(Records from a data source)
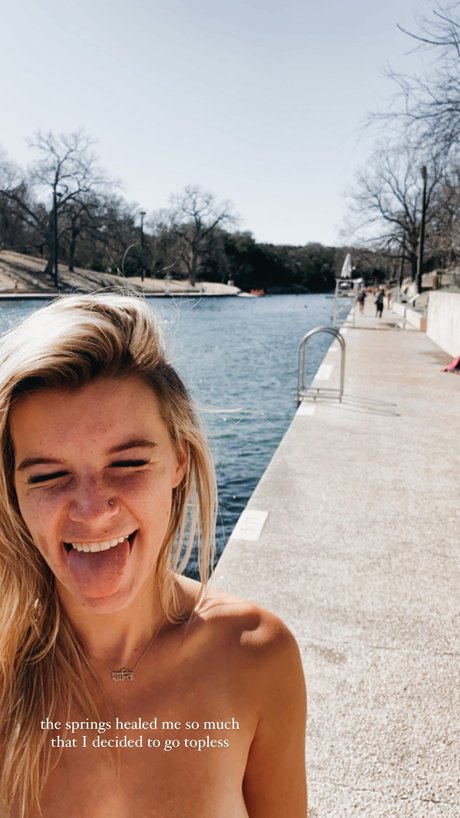 Rachel Bell star hd img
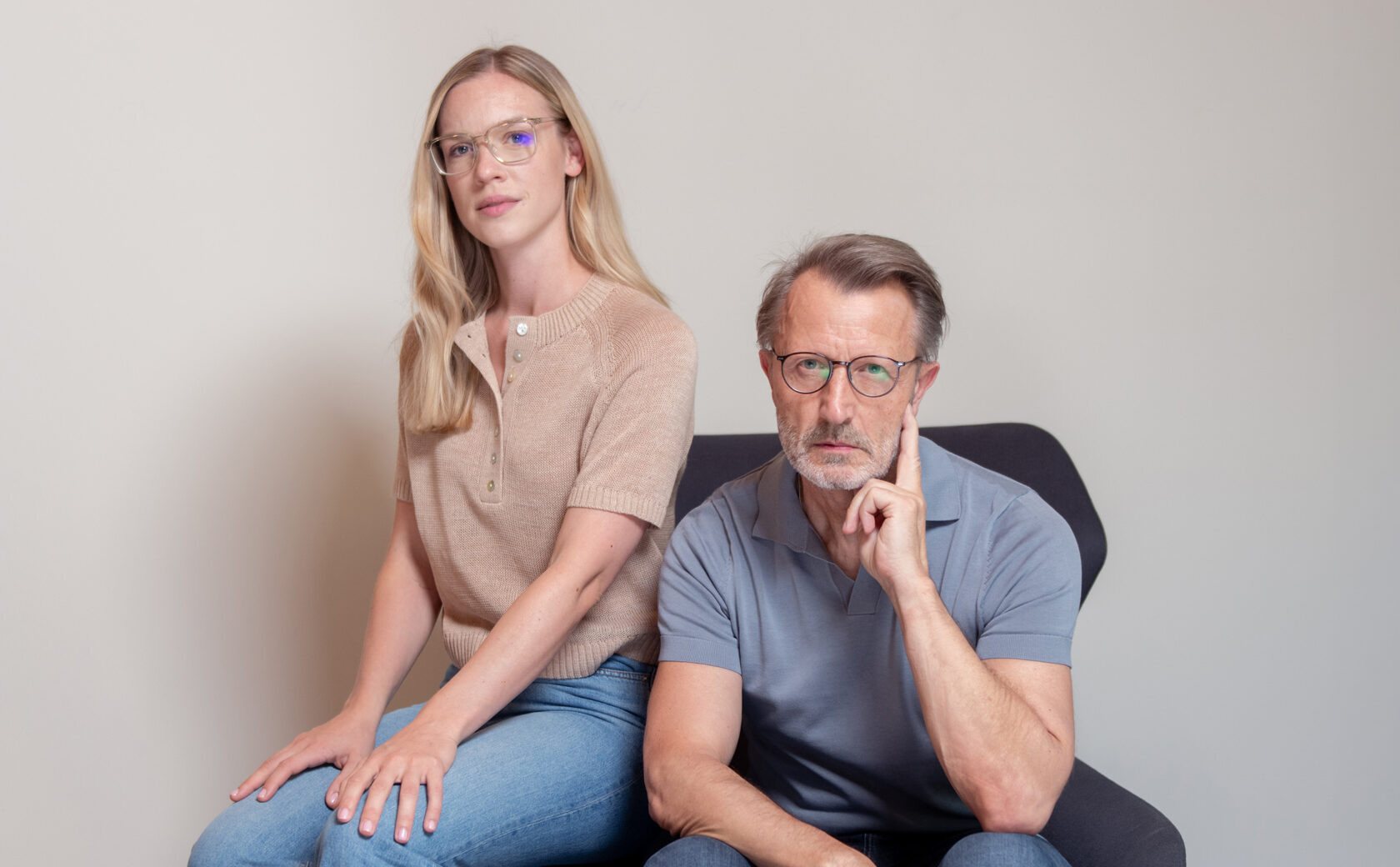 Mann und Frau sitzen auf Sofa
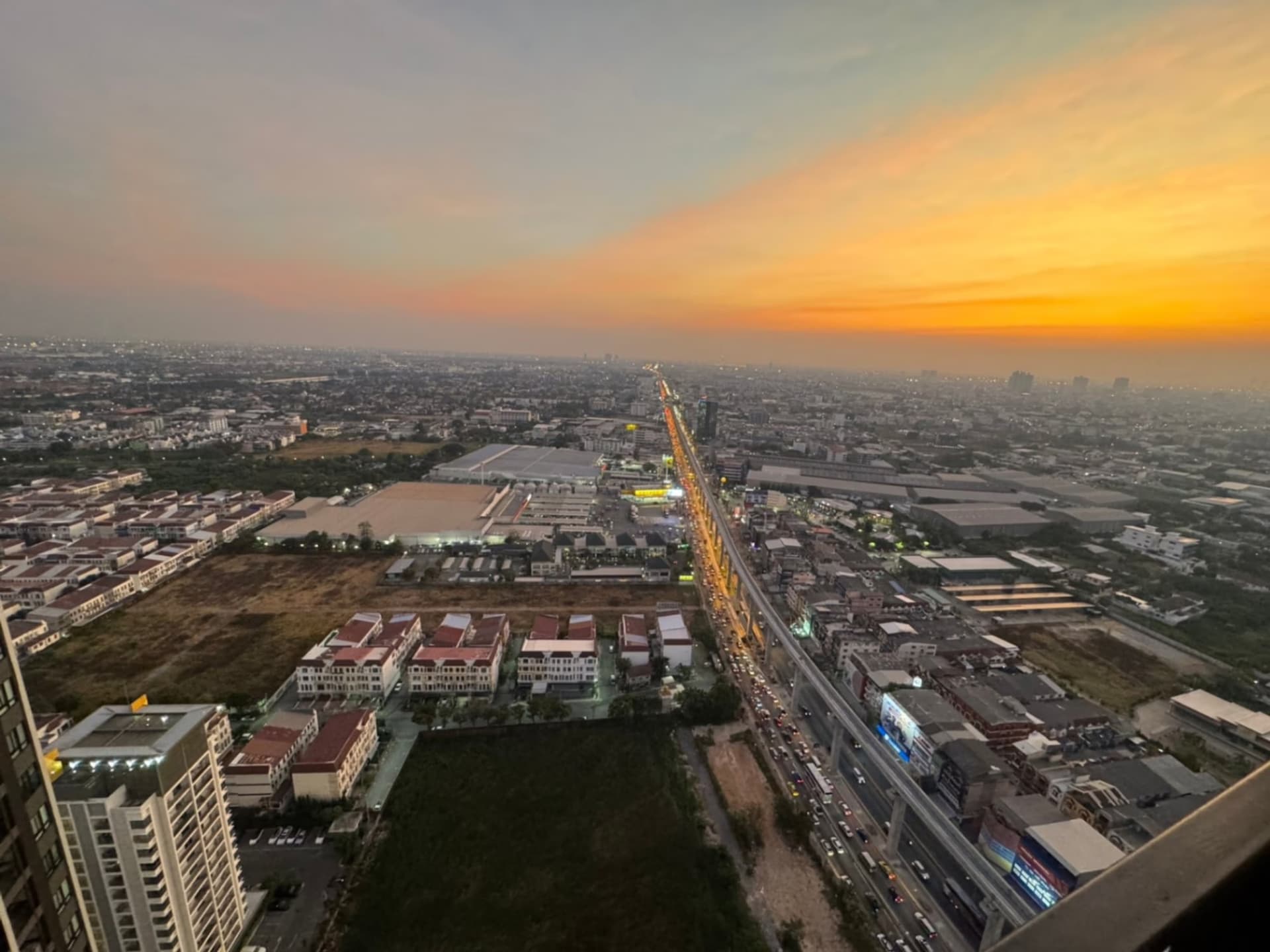2 Bed Condo for Rent and Sale in Mueang Samut Prakan - Image 5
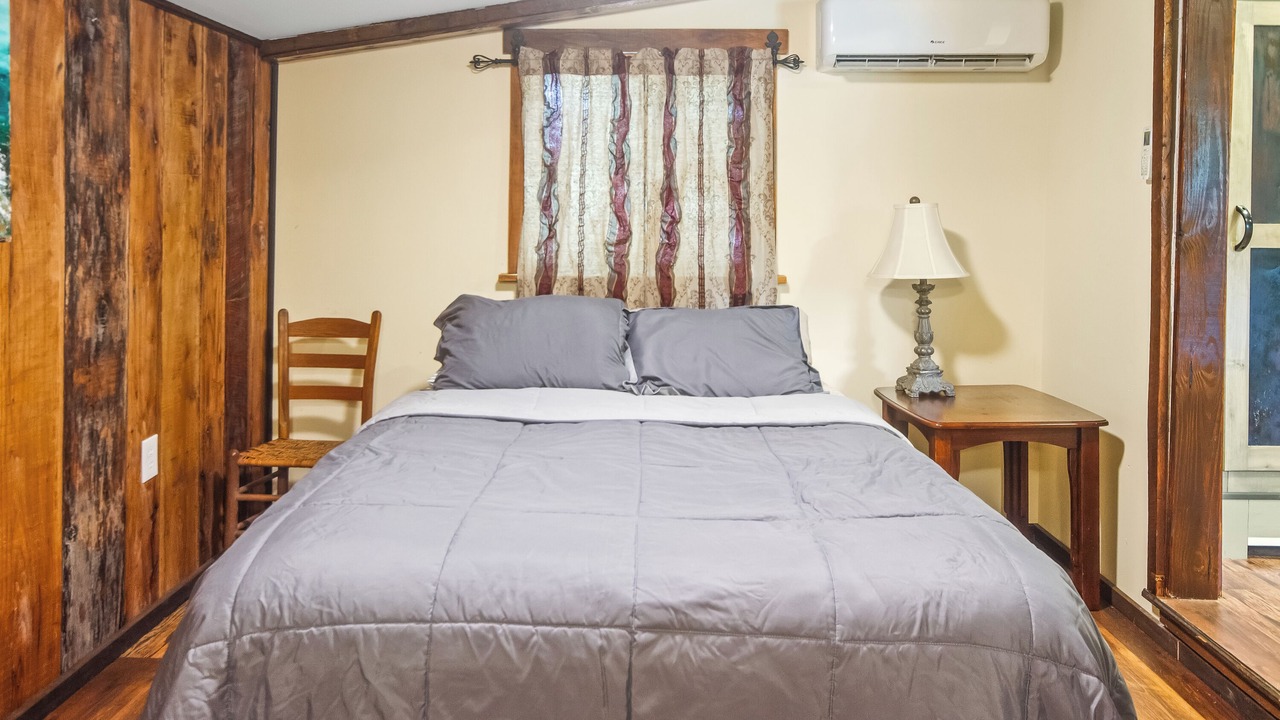 Photo of Bedroom in Woodruff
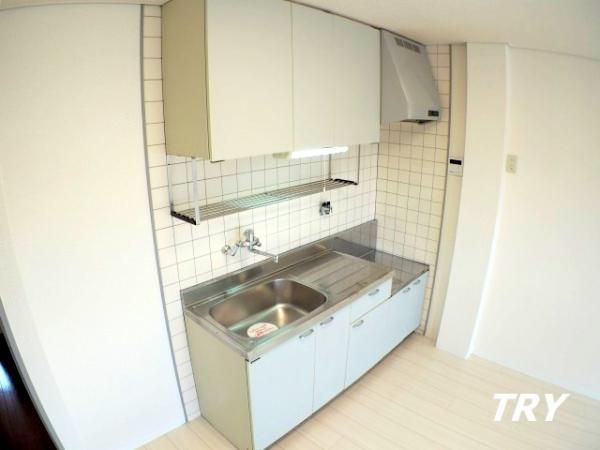 �y�L�b�`���z�@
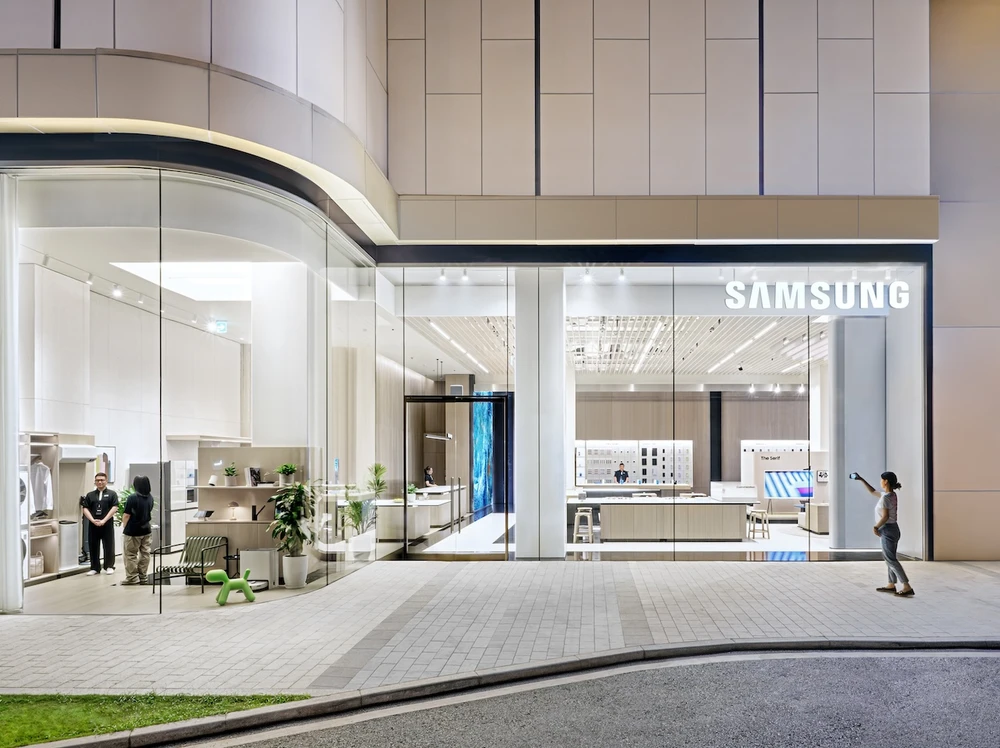 Samsung West Lake vừa được khai trương tại Hà Nội.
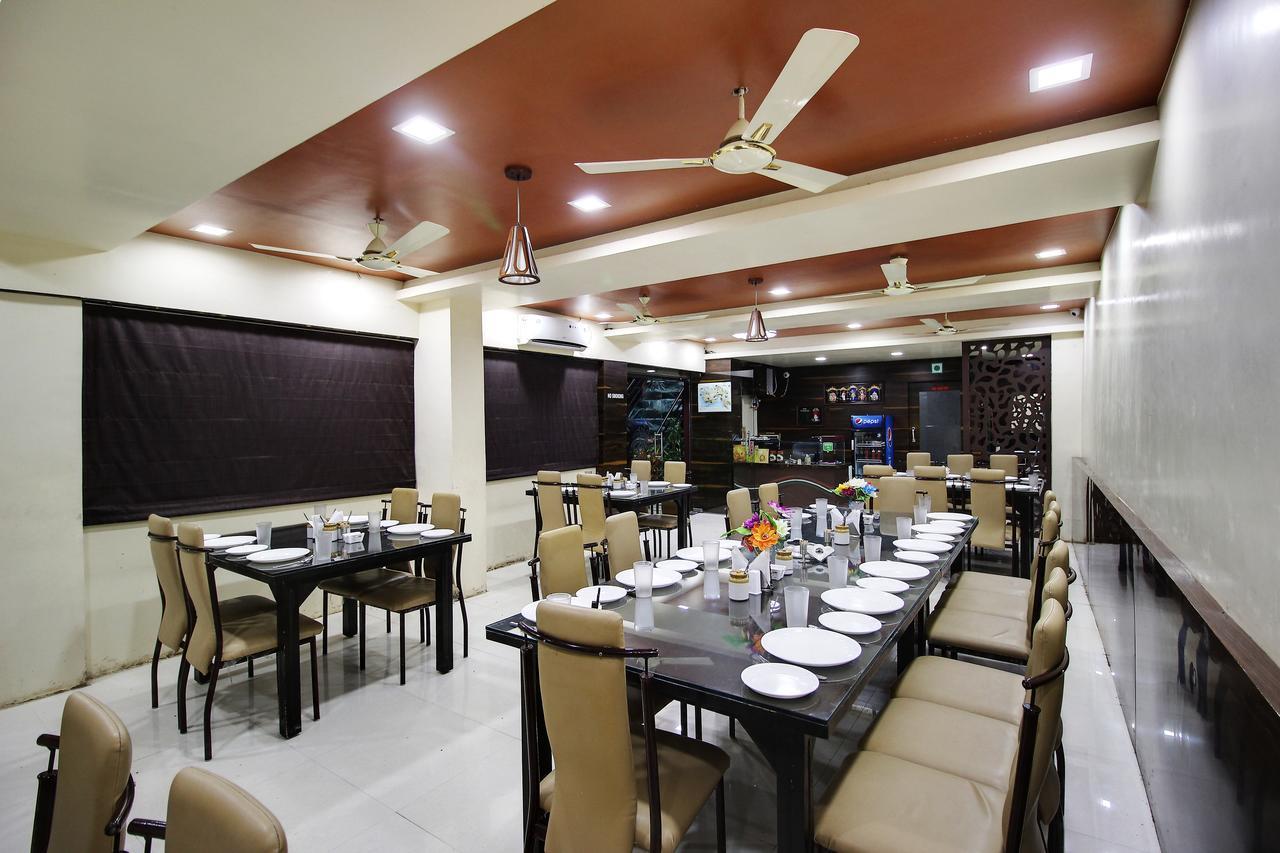 Daksh Hotel And Restaurant Talala Bagian luar foto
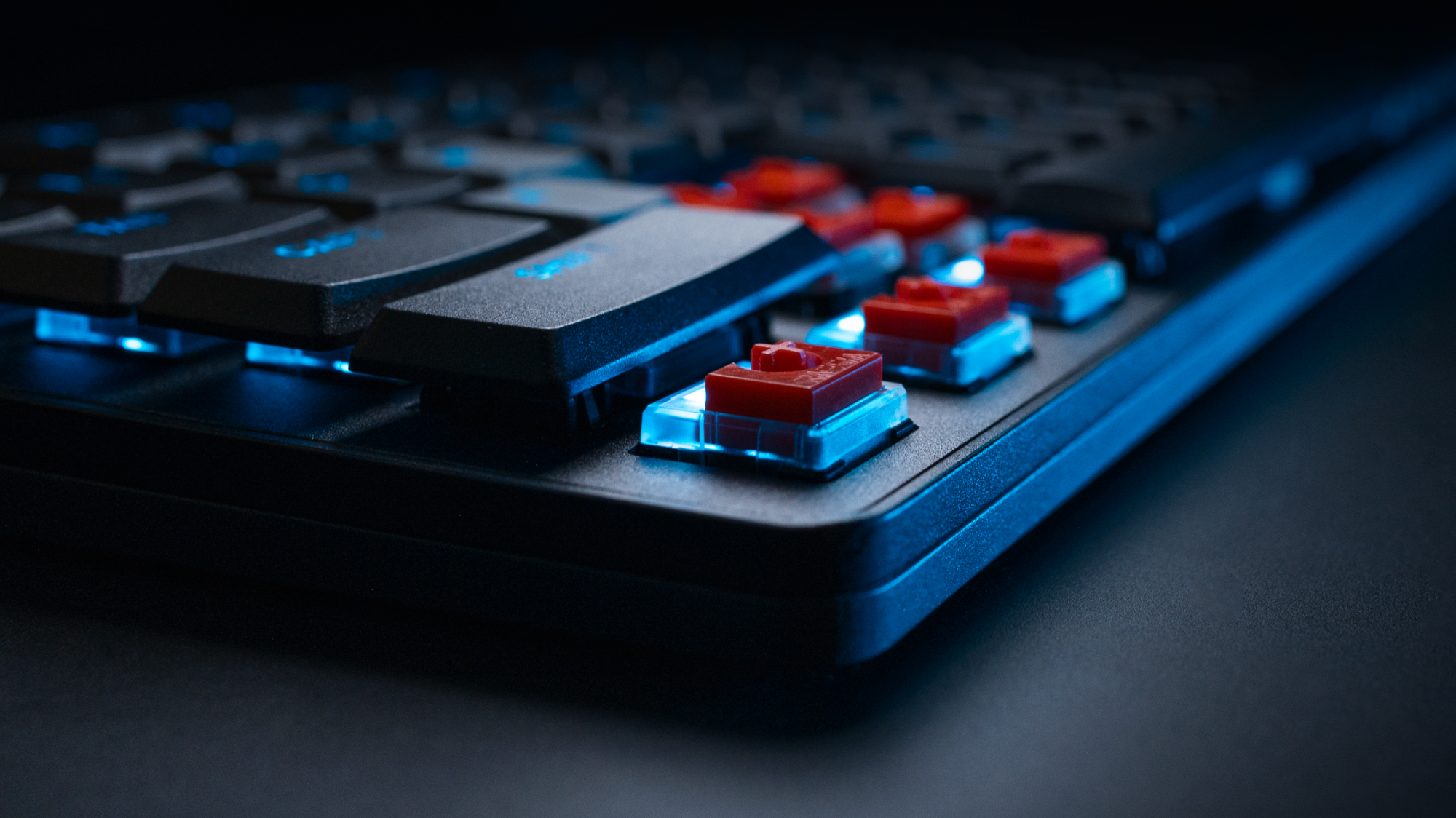 【即日発送】G515 RAPID TKLキーボードとGPROX 2Cマウスセット 即日発送】G515 RAPID TKLキーボードとGPROX 2Cマウスセット - メルカリ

**What to produce**
When you reach the line with "Photo of Bedroom in Woodruff" in the entries above, start copying, and go on word for word to the last line; skip any picture.

**Finished task**
 Photo of Bedroom in Woodruff
 �y�L�b�`���z�@
 Samsung West Lake vừa được khai trương tại Hà Nội.
 Daksh Hotel And Restaurant Talala Bagian luar foto
 【即日発送】G515 RAPID TKLキーボードとGPROX 2Cマウスセット 即日発送】G515 RAPID TKLキーボードとGPROX 2Cマウスセット - メルカリ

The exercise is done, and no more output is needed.